2.2. Fundamentals of Open-Vocabulary Object Detection
2.3. Unique Characteristics of UAV Imagery
- Small objects: This is perhaps the most frequently cited challenge in aerial imaging. Due to high flight altitudes and wide-angle lenses, objects of interest (e.g., people, vehicles) often occupy a minuscule portion of the image, sometimes spanning only a few dozen or even a handful of pixels. For traditional detectors, this leads to the loss of distinguishing features after successive down-sampling operations in deep neural networks. For OVOD, the challenge is even more nuanced: the low-resolution visual features extracted from such small objects may be too coarse and ambiguous to align reliably with a rich textual description in the VLM’s embedding space. The visual signature of a 10x10-pixel “person” is weak and could be easily confused with other small, vertical structures, making a confident visual–linguistic match difficult.

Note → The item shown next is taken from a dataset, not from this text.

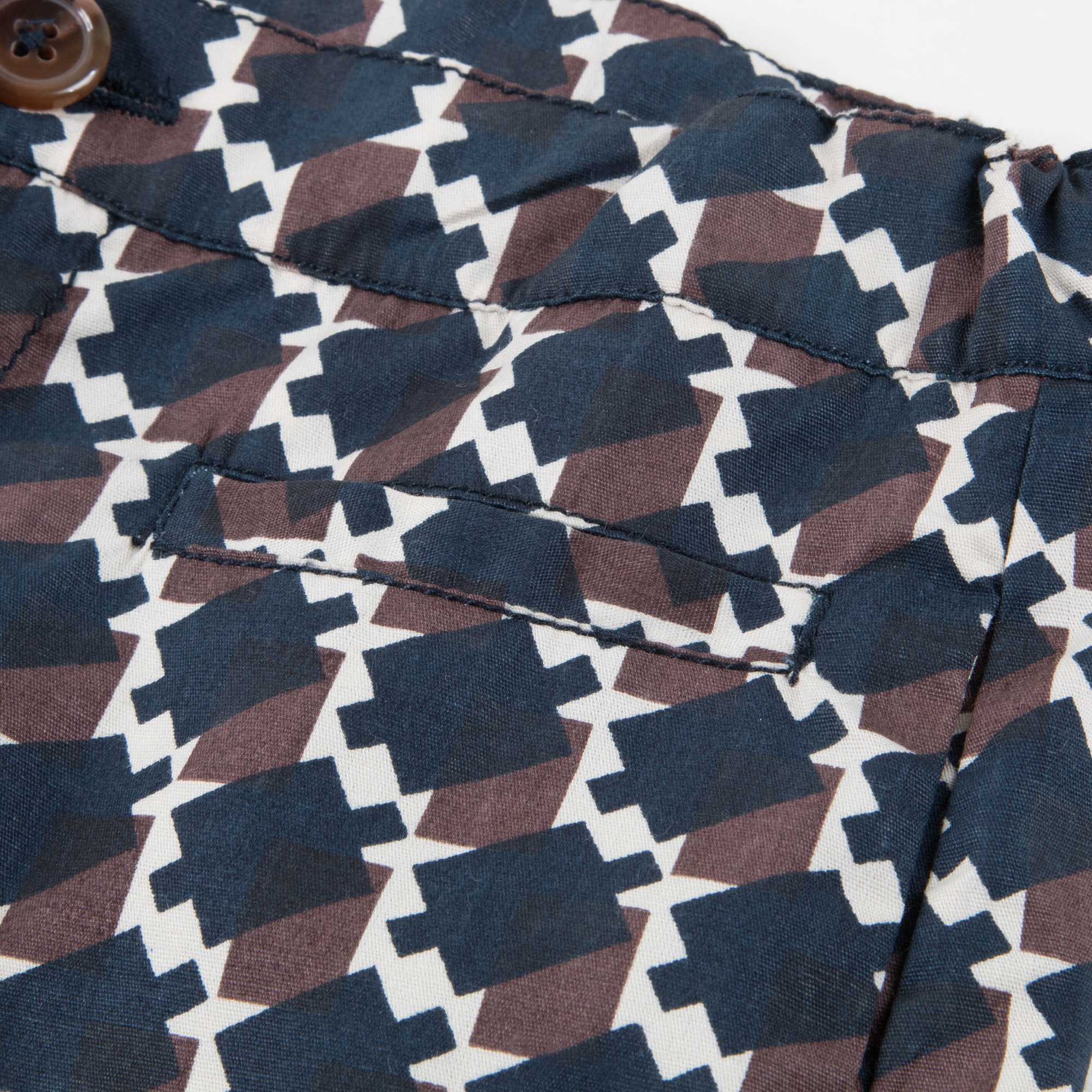 Girls & Boys Blue & Chocolate Woven Shorts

- High density and cluttered backgrounds: UAV platforms are often used to monitor crowded scenes like parking lots, public squares, or disaster sites. This results in images containing a high density of objects, often with significant occlusion. Differentiating between individual instances in a dense crowd or a packed car park is a severe test for any detector’s localization capabilities. Furthermore, aerial scenes are rife with complex and cluttered backgrounds—rooftop paraphernalia, varied terrain, foliage, and urban infrastructure. For an OVOD system, this clutter introduces a high number of “distractors”. The visual features of background elements (e.g., a complex pattern of shadows, an air conditioning unit) might accidentally have a high similarity score with one of the text prompts, leading to false positives.
- Varying viewpoints: The vast majority of images used to train VLMs like CLIP are taken from ground level, depicting objects from a frontal or near-frontal perspective. However, UAVs primarily capture imagery from nadir (top-down) or oblique viewpoints. This creates a significant domain gap. The visual appearance of a “car” or a “person” from directly above is drastically different from its appearance in a typical photograph. An OVOD model relying on CLIP’s pretrained knowledge may struggle because its internal concept of “car” is strongly tied to side views, not roof views. This viewpoint disparity can weaken the visual–linguistic alignment that is the cornerstone of OVOD’s success.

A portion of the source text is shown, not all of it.